Riffs de vagues, ondes de guitare, Chanson d'amours commence comme l'Avril de Laurent Voulzy. Voui voui, je viens de citer « Slow Down » et voui voui, on ose avouer, on aime ! Après un premier album L'homme des sables (2012), Benjamin nous entraîne tout droit sur l'archipel calédonien, glissant comme une planche à voile de Nouméa sur un premier riff guitaristique au rythme extrêmement resserré, amarré à quelques encablures des remous saccadés et sensuels de la voix du joueur de trombone... Pon Pon. « Nous hisserons [donc] les voiles sans moteur et sans commandant ».

Mais qui est cet étrange monsieur un peu chauve au nom à particule ? Un nomade né d'une mère danseuse péruvienne (on en comprend des choses!) un chouïa en marge dans le panthéon de la chanson française [1] qui doit certainement beaucoup à son paternel, grand compositeur de musique de film, François de Roubaix, qu'on salue depuis Paris. Un homme qui file surtout sa musique comme une partition de la mer, du vent, de l'air chaud et des eaux salées, ce fameux « livre au fond [qui] n'a pas été lu » dirait Ponge [2]. Sauf qu'ici, on lit la métaphore musique /mer : il s'agit de chansons.

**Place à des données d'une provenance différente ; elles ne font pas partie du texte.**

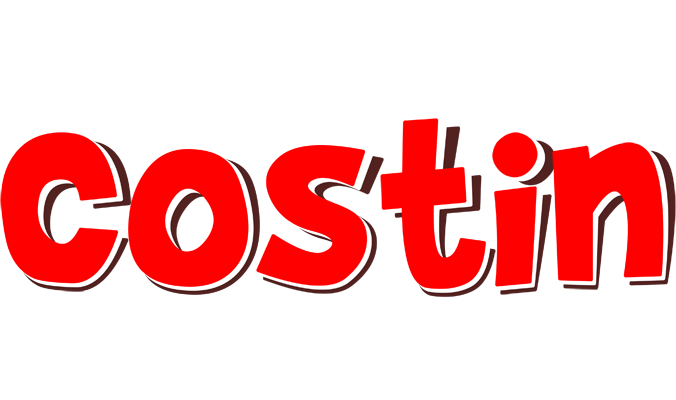 Costin basket logo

Fidèle à papa, Benjamin reprise et réinvente sa vieille boîte à musique synthétique qui ragaillardit ces eaux tranquilles en les rendant à leurs sources, les fameuses influences du dit-hurluberlu-ubuesque-papa - gros recourt de synthé, de voix démultipliées (effet coquillage), bruits incongrus qui apparient la guitare vers sa modernité. Une musique qui prime pour son dépaysement mimétique du voyage introduit dans la première chanson. Par endroit, on frôle presque la musique gitane (« Comme Mathusalem »), les traditions africaines (l'intro de « Ma fleur africaine »), quand on ne découvre pas carrément une réécriture sud-américanisée fraîche et gaie luronne de « La Javanaise » du sieur Gainsbarre. Force nous est alors de tirer révérence à l'artiste pour ses influences éthniques diversement rapatriées avec justesse dans l'album. En prime, le jeune loup de mer surfe sur des rythmes amérindiens plutôt bien réussis qui ritualisent ses chansons d'amour solennisées. Percu, flûte et transe vocale en guise d'épilogue, « La ballade de Crazy Dog » ne trompera personne. On admirera donc dans cet album le jeu de pirouette entre des ritournelles océaniques centrées autour du combo gagnant guitare/voix (« Nouméa », « Chansons d'amour ! » où se relayent guitare et piano, « En el monte ») rythmées avec simplicité, sobriété mais excellemment et des chansons plus travaillées, moins épurées qui charrient toute une historiette de traditions éthniques. Mais...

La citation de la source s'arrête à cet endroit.